RECORDS FOR THIS EXERCISE:
━━━━━━━━━━━━━━━━━━━━━━━━━━━━━━
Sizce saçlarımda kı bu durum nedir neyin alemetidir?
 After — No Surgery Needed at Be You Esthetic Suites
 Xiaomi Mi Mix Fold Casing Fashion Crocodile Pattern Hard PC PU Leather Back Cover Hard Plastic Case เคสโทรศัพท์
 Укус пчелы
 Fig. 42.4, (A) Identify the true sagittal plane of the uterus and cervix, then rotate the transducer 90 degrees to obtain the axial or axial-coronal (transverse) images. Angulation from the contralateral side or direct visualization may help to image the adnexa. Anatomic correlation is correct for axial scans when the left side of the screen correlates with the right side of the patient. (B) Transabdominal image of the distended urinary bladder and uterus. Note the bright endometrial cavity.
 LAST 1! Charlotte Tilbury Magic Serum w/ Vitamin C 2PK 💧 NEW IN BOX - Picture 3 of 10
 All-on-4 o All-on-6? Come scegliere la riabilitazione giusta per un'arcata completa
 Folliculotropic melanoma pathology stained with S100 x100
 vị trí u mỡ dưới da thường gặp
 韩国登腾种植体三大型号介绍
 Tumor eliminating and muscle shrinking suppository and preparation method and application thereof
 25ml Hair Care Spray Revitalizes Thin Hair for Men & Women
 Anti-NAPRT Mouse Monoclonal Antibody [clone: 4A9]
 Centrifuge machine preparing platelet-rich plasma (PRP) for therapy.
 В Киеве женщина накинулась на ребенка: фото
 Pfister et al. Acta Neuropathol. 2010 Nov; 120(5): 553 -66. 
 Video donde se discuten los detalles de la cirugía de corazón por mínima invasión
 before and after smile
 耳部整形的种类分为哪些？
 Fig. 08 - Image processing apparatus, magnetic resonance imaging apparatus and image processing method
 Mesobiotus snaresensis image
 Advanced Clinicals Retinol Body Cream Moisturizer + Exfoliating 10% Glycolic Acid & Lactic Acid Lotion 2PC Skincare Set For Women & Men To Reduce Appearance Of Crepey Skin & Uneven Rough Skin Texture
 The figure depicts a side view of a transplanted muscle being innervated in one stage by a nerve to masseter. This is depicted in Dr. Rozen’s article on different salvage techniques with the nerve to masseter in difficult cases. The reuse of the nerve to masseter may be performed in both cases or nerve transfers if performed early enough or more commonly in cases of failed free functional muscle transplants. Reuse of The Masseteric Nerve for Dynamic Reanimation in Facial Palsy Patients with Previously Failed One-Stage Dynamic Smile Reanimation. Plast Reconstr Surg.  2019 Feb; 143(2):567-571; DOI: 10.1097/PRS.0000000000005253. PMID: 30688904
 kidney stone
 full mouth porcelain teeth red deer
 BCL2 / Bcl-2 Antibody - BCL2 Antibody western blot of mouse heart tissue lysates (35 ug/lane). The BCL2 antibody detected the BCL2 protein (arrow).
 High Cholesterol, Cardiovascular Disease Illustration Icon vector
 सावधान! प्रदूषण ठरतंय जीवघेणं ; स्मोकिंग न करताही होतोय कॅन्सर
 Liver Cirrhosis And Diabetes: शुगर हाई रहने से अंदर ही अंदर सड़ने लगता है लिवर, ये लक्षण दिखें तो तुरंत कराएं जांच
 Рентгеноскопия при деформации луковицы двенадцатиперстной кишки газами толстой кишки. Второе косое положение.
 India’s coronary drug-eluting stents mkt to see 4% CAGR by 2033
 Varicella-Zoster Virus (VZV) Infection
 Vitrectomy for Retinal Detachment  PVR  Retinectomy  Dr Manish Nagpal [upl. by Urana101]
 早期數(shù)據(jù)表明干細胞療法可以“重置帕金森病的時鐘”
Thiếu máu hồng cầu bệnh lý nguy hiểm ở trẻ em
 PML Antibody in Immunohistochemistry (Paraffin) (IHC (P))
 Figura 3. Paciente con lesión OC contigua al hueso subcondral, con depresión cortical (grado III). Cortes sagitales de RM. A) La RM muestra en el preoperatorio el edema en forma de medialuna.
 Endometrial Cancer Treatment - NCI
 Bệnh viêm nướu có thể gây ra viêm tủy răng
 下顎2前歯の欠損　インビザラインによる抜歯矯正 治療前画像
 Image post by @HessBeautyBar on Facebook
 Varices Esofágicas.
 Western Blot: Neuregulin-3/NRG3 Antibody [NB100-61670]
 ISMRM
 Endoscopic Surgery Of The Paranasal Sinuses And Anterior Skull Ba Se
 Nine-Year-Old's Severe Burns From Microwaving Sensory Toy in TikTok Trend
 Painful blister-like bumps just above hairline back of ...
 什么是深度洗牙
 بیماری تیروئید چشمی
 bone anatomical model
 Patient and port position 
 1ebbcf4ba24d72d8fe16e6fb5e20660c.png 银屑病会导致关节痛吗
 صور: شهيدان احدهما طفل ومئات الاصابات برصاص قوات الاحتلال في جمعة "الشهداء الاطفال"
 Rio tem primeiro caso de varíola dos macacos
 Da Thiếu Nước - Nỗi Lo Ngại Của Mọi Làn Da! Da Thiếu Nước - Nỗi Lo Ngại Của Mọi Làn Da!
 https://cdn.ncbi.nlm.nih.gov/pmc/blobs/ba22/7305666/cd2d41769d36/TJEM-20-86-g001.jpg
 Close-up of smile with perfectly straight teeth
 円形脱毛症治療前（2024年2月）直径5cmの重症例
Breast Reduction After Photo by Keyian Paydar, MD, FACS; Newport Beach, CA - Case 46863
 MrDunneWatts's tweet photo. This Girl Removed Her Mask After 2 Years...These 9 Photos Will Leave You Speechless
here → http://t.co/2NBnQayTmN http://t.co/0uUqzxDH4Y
━━━━━━━━━━━━━━━━━━━━━━━━━━━━━━
TASK:
Above are the entries. Copy exactly the part that opens with the line containing "Anti-NAPRT Mouse Monoclonal" and closes with the line containing "Mesobiotus snaresensis image", and no more.

COMPLETED TASK:
 Anti-NAPRT Mouse Monoclonal Antibody [clone: 4A9]
 Centrifuge machine preparing platelet-rich plasma (PRP) for therapy.
 В Киеве женщина накинулась на ребенка: фото
 Pfister et al. Acta Neuropathol. 2010 Nov; 120(5): 553 -66. 
 Video donde se discuten los detalles de la cirugía de corazón por mínima invasión
 before and after smile
 耳部整形的种类分为哪些？
 Fig. 08 - Image processing apparatus, magnetic resonance imaging apparatus and image processing method
 Mesobiotus snaresensis image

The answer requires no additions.